FasterXML / jackson-dataformats-binary

Uber-project for standard Jackson binary format backends: avro, cbor, ion, protobuf, smile
Apache License 2.0
310 stars 133 forks source link

Some short UTF Strings encoded using non-canonical form #159

Closed Sajjon closed 5 years ago

Sajjon commented 5 years ago

Hey!

I recently discovered that Jackson produces UTF strings on the non-shortest-possible format (non-canonical form ) sometimes.

I first reported this issue CBOR Github but realized that most other CBOR project is using canonical form where Jackson is not.

It would be great if you could support canonical encoding of strings :)

cabo commented 5 years ago

Note that this bug report is not about the missing feature of generating "canonical" encoding (which would be a duplicate of #138), but about a set of off-by-one errors in the basic encoding logic which seem to lead to valid, but unnecessarily long encoding for ASCII strings of length 23 and 255. Please see the referenced issue for details. I'm not claiming to have read the entirety of CBORGenerator.java, but it seems that Line 1251 is not the only place that has this off-by-one error (maybe search for lines with ...MAX... that have < instead of <=).

cowtowncoder commented 5 years ago

@Sajjon thank you for reporting this. @cabo thank you for clarification: that does make more sense.
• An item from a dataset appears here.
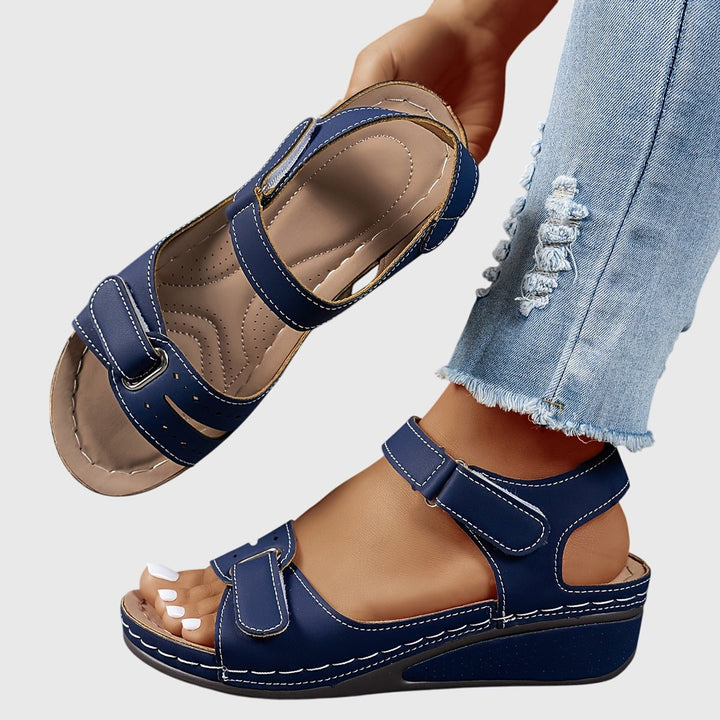 Sandali comodi donna per passeggio, ortopedici con zeppa e cinturini regolabili, per massimo comfort e supporto.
I'll update the title.

cowtowncoder commented 5 years ago

Added this on

https://github.com/FasterXML/jackson-future-ideas/wiki/Jackson-Work-in-Progress

and hopefully include in 2.10 (depending on fix, could consider 2.9 backport but bit worried that change not safe for patch as 2.9 is quite far along patch series -- while correction, change to encoded data length can probably trigger bogus test fails in downstream deps).

Sajjon commented 5 years ago

@cowtowncoder @cabo Great job guys! Thanks a lot for your prompt reply. Looking forward to the fix!

cowtowncoder commented 5 years ago

Hoping to get 2.9.9 out Real Soon Now -- just received a potential CVE, which I'll need to address, but after that.

Sajjon commented 5 years ago

Great job! 💪

cowtowncoder commented 5 years ago

@Sajjon thank you once again for reporting this -- we take correctness and interoperability seriously, so it's good to weed out these deviations at least eventually over time :)